图1 江西贵溪崖墓出土的筝
1991年,江苏苏州吴县长桥镇长桥村出土一件战国时期的筝,筝出土时置棺盖上。筝身用硬质楸枫木制成,保存较好。面板无存,首部弦槽残损一块,尾部一角残断,枘槽内略残缺。通长132.8厘米。筝身用整木斫制,形似平底独木船。首部方形,刻凿有长方形弦槽,槽底钻有12个透孔。筝身首尾之间凿有音箱。音箱上沿向四周扩凿成面板槽,面板覆嵌于档内。从筝身的情况看,面板应为弧面,但弧度较小。首部弧高约在1.1厘米左右,尾部弧高稍大,在1.65厘米左右。筝首下面设倒凸字形足,筝尾后翘,尾内凿有枘槽,向尾后渐平齐。枘槽底部并列凿有枘孔,分两列,各6个共12孔。筝通体髤黑漆,但大部剥落。该器12弦孔配12枘孔,应为12弦筝(图2、图3)。
图2 江苏吴县长桥镇出土战国筝
图3 仿江苏吴县长桥战国筝
筝与瑟同源,为一弦一音的散乐演奏。区别筝、瑟的不同主要是乐器的形状。筝较瑟狭长,弦数为瑟的一半,有12弦、13弦,筝面上有弦柱,岳山凸起,尾部有系弦的枘。

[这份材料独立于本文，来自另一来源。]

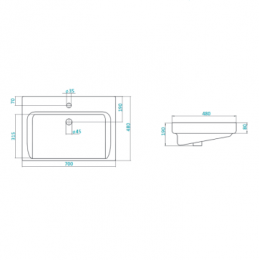 АКВАТОН ТИГОДА 70 Раковина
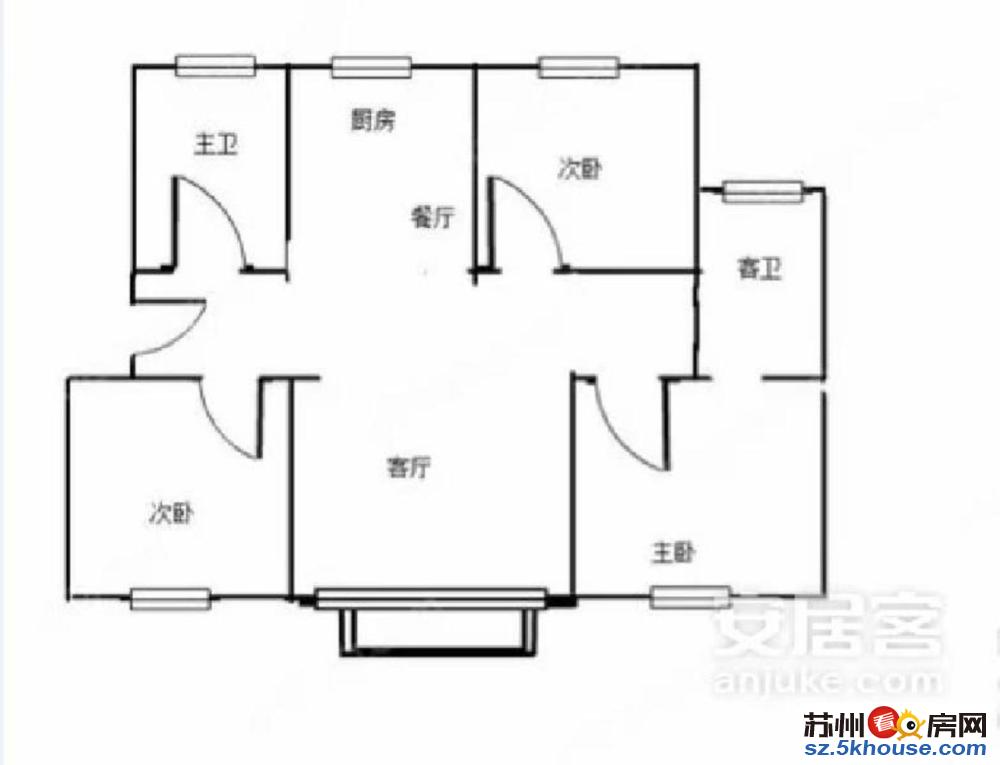 莲花新村精装3室2厅2卫 小区环境优美 舒适宜人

汉画像石中可准确辨识为弹筝的画面不多,徐州贾汪白集汉墓中有三幅弹筝的局部画面,过去都解释为弹琴图。第一幅为中室南壁刻石,原发掘报告描述为:“左一人抚琴拨调,另两人面向弹琴者,双手合掌,似在伴唱”。第二幅为中室北壁西刻石,原发掘报告描述为“一组乐队为燕饮而演奏。乐队共四人,一人作调琴姿势,另三人合掌胸前,似在歌唱和伴奏”(图4)。第三幅为前室东横梁右端画像(图5),发掘报告的描述是:“一人端坐置琴于膝上,正在演奏三弦琴。”通对白集汉墓的原石考察和摹图,发现原报告的解释并不正确,三幅弹琴的画面实际上都是弹筝。第一,弹奏的乐器从比例上来说显然要比琴长了许多;第二,琴面上细线刻着许多弦路,有的超过了七弦;第三,乐器的尾部刻着凸起的尾岳;第四,在第一幅“调琴行乐图”的尾部刻有凸起的弦枘。这些细部特征与筝的特点完全相符。
图4 贾汪白集汉墓“弹筝”图
图5 贾汪白集汉墓“弹筝”图
徐州汉画像石馆2006年在贾汪地区征集的一块画像石,雕刻技法与白集汉墓的雕刻技法相同,画面的局部为宴飨乐舞图,画面中一人作长袖舞,伴奏者为弹筝。筝的特征比较突出,筝面作拱起的弧形,有岳山、尾岳,尾部有两个凸起的弦枘;筝面上刻着细密的弦路,演奏者双手作弹拨的姿势(图6)。
图6 贾汪画像石“弹筝”图
四川成都附近发现的两块乐舞图画像砖,伴奏者也为弹筝。弹筝者跽坐于席上,筝面形状有弧形的拱起,筝的首端在放在膝上,尾端置于地面,右手在首岳处弹拨,左手在筝的中部装饰发音(图7)。
图7 四川画像砖中的弹筝图
汉代乐队中,筝不是主要的乐器。《汉书·礼乐志》中有钟工、磬工、箫工、鼓员、琴员、瑟员等,不见有筝工或筝员,汉代图像中弹筝的画面也不多见。可见筝在乐府演奏中不是主要的演奏乐器。
四、关于筑
筑战国时期流行于楚地,是人们既熟悉、又陌生的乐器。说它熟悉是因为《史记》中两次记载“击筑而歌”的故事,一次是荆轲刺秦王的故事,《史记·刺客列传》:“至易水之上,既祖,取道,高渐离击筑,荆轲和而歌,为变徵之声,士皆垂泪涕泣。”一次是刘邦还乡的故事,《史记·高祖本纪》:“高祖还归,过沛,留。置酒沛宫,悉召故人父老子弟纵酒,发沛中儿得百二十人,教之歌。酒酣,高祖击筑,自为歌诗曰:大风起兮云飞扬,威加海内兮归故乡,安得猛士兮守四方!”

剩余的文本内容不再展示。